Extracts a list of all unique movies in the dataset

Filters the ratings DataFrame to get all movies the user has rated

Finds movies that the user has not yet rated.

Uses the trained model (best_model) to predict ratings for the unseen movies.

Sorts the predictions by predicted rating in descending order.

In [87]:
top_n

[Prediction(uid=100, iid=1204.0, r_ui=None, est=4.636374021639172, details={'was_impossible': False}),
 Prediction(uid=100, iid=1172.0, r_ui=None, est=4.5424362256548365, details={'was_impossible': False}),
 Prediction(uid=100, iid=318.0, r_ui=None, est=4.52796265060145, details={'was_impossible': False}),
 Prediction(uid=100, iid=904.0, r_ui=None, est=4.51224304273186, details={'was_impossible': False}),
 Prediction(uid=100, iid=1276.0, r_ui=None, est=4.505852232571778, details={'was_impossible': False})]

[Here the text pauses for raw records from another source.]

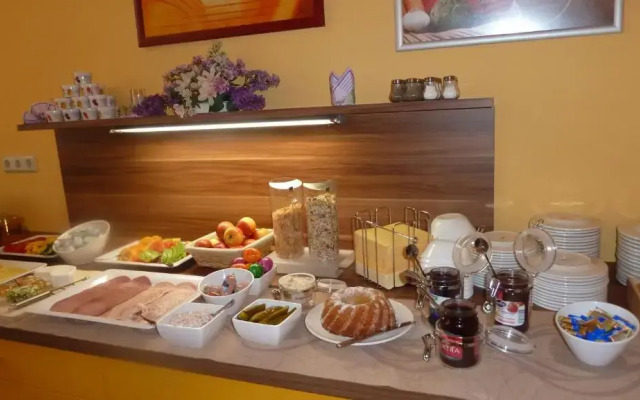 Hostel Wittenberg - Hotel Garni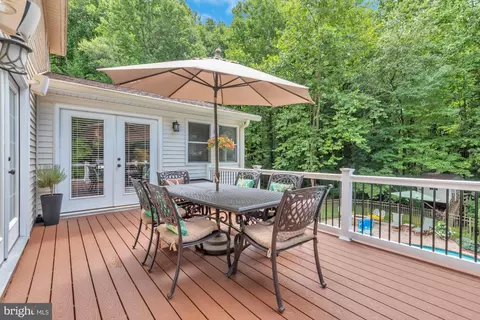 Exterior - 319 Greenridge Dr, Dunkirk, MD 20754 photo 8 of 19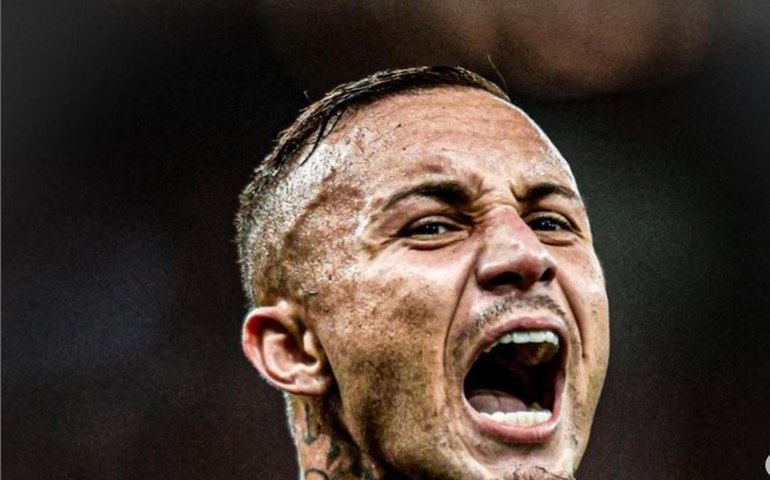 Everton Cebolinha, do Flamengo, sente incômodo no tendão de Aquiles e será reavaliado pelo clube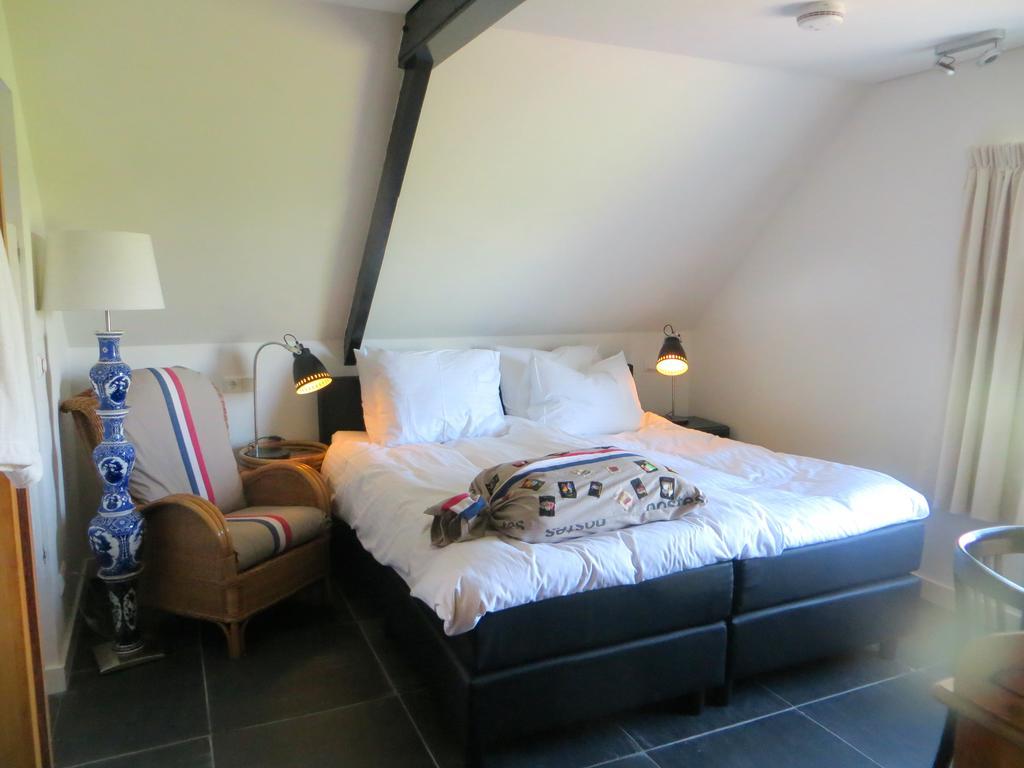 The Black Horse B&B & More Drachten Room photo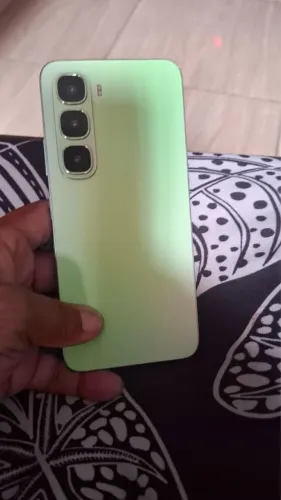 Infinix hot 60i 256Gb 8gb ram 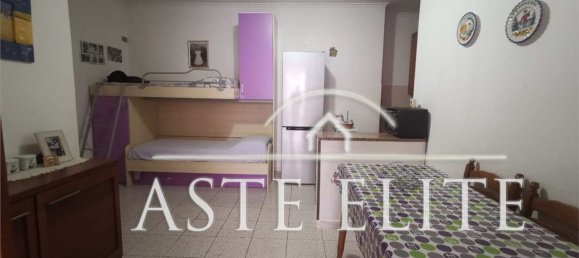 Apartamento de 2 habitaciónes en Ardea, Italy No. 25841 5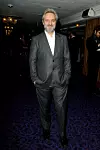 Redatelj filmova je Sam Mendes koji je radio na uspješnim filmovima, a osvojio je i Oscara za film 'American Beauty'
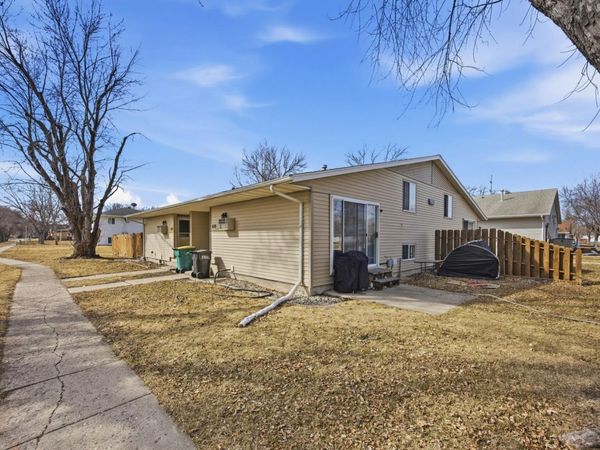 431 4th Avenue E, West Fargo, ND 58078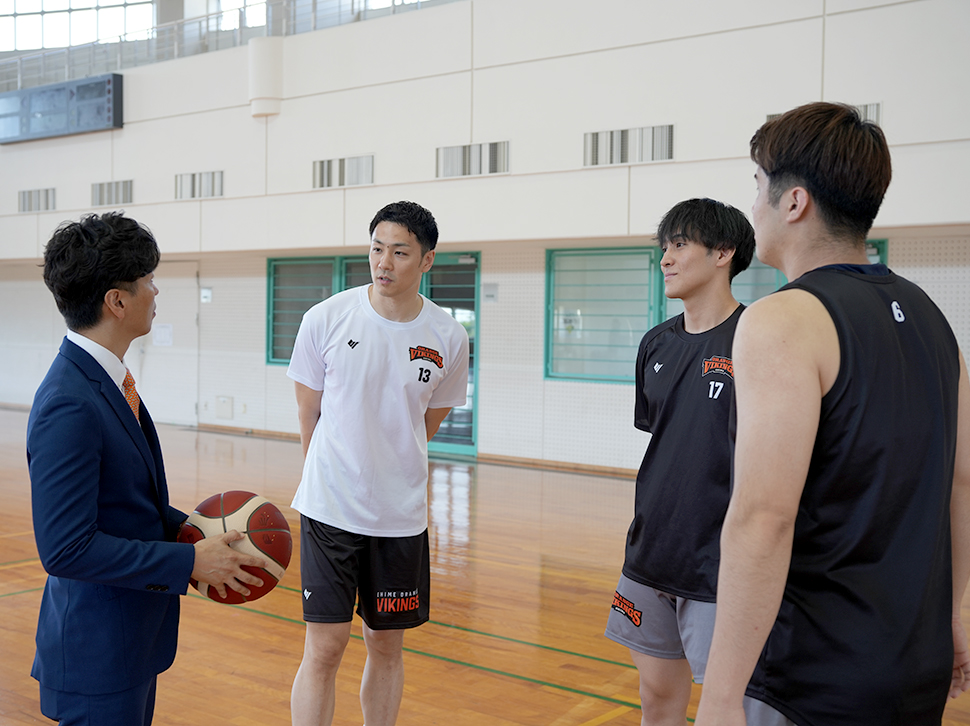 選手たちとコミュニケーションをとる北野氏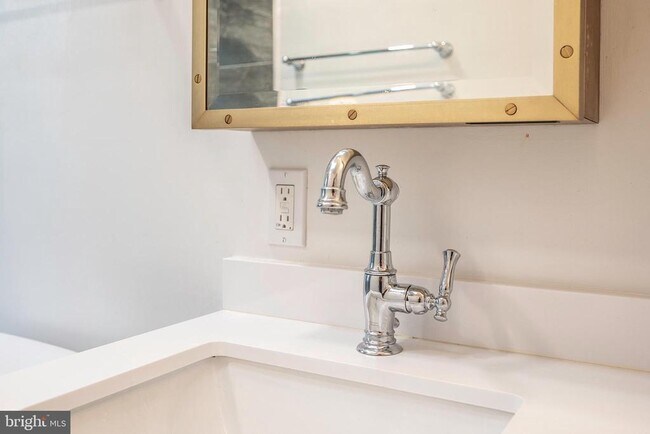 Building Photo - 822 S Royal St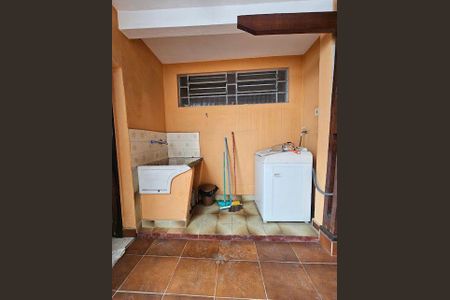 Casa à venda com 2 quartos, 180m² em Vila Santa Isabel, São Paulo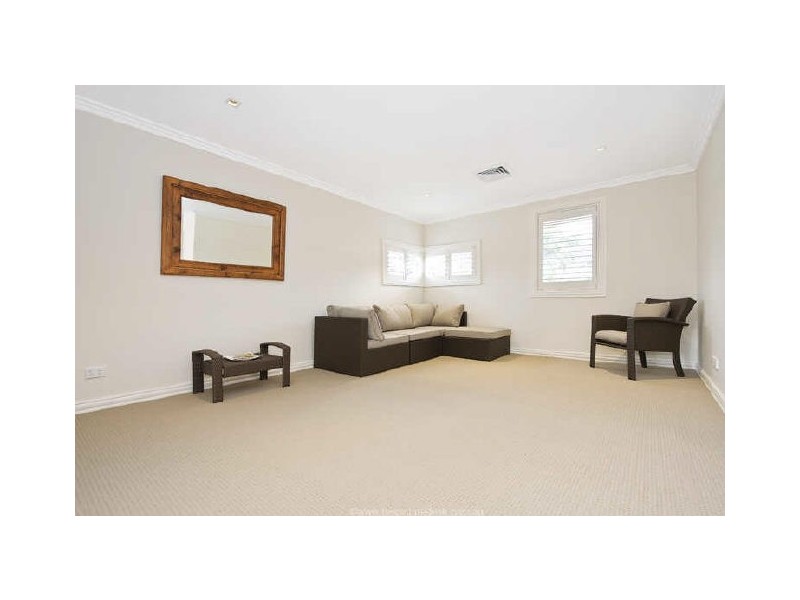 53 Arnott Crescent, Warriewood NSW 2102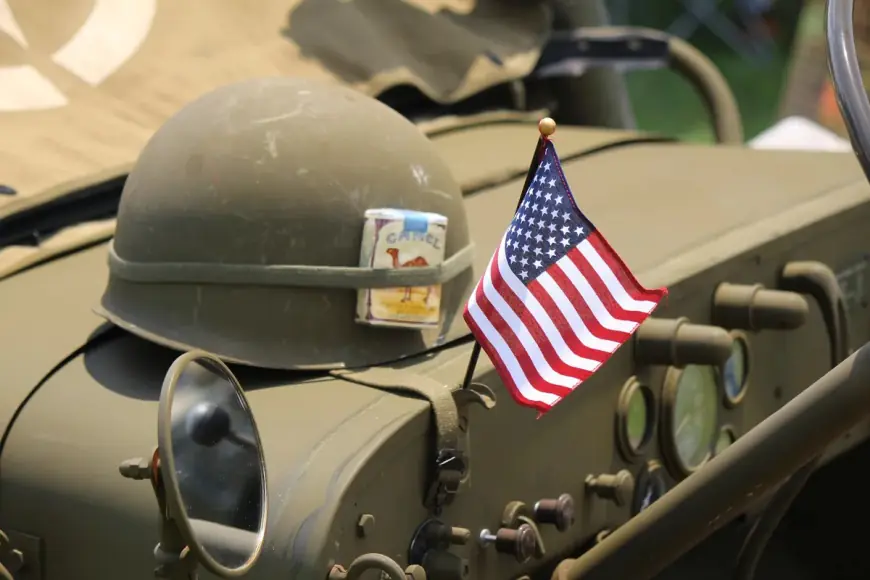 AMERIČKA VOJSKA POČINJE IZBACIVATI TRANSRODNE OSOBE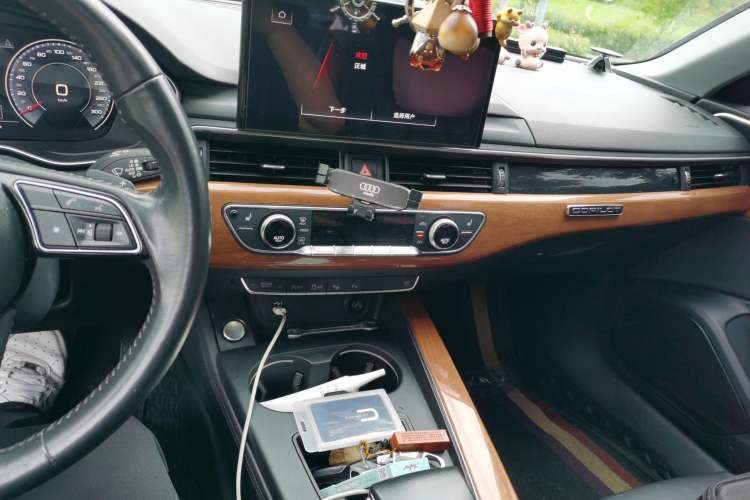Used Audi A4L 2020 40 TFSI Luxury Prestige Edition Audio And AC Panel
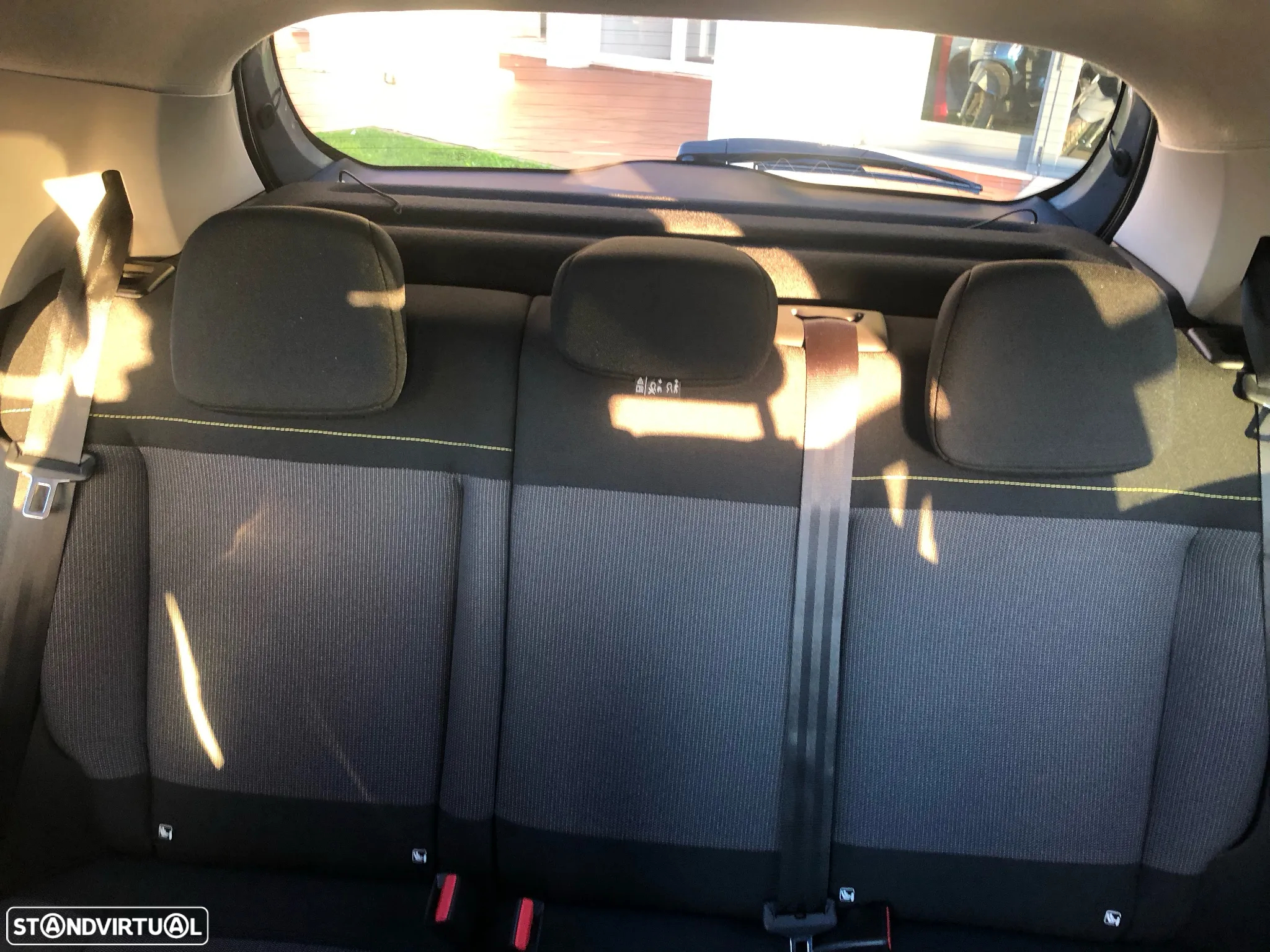 Citroën C3 1.2 PureTech C-Series - 12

is a list of Prediction which contains the top 5 recommended movies for user_id = 100.

In [84]:
#Display Recommendations
print(f" Top 5 Movie Recommendations for User {user_id}:")
titles, scores = [], []
for pred in top_n:
    title = movies[movies['movieId'] == pred.iid]['title'].values[0]
    print(f"{title} (Predicted Rating: {pred.est:.2f})")
    titles.append(title)
    scores.append(pred.est)

 Top 5 Movie Recommendations for User 1:
Lawrence of Arabia (1962) (Predicted Rating: 4.98)
Shawshank Redemption, The (1994) (Predicted Rating: 4.98)
Cinema Paradiso (Nuovo cinema Paradiso) (1989) (Predicted Rating: 4.95)
Rear Window (1954) (Predicted Rating: 4.93)
Philadelphia Story, The (1940) (Predicted Rating: 4.92)


Retrieved and printed the actual movie titles for the top 5 recommendations.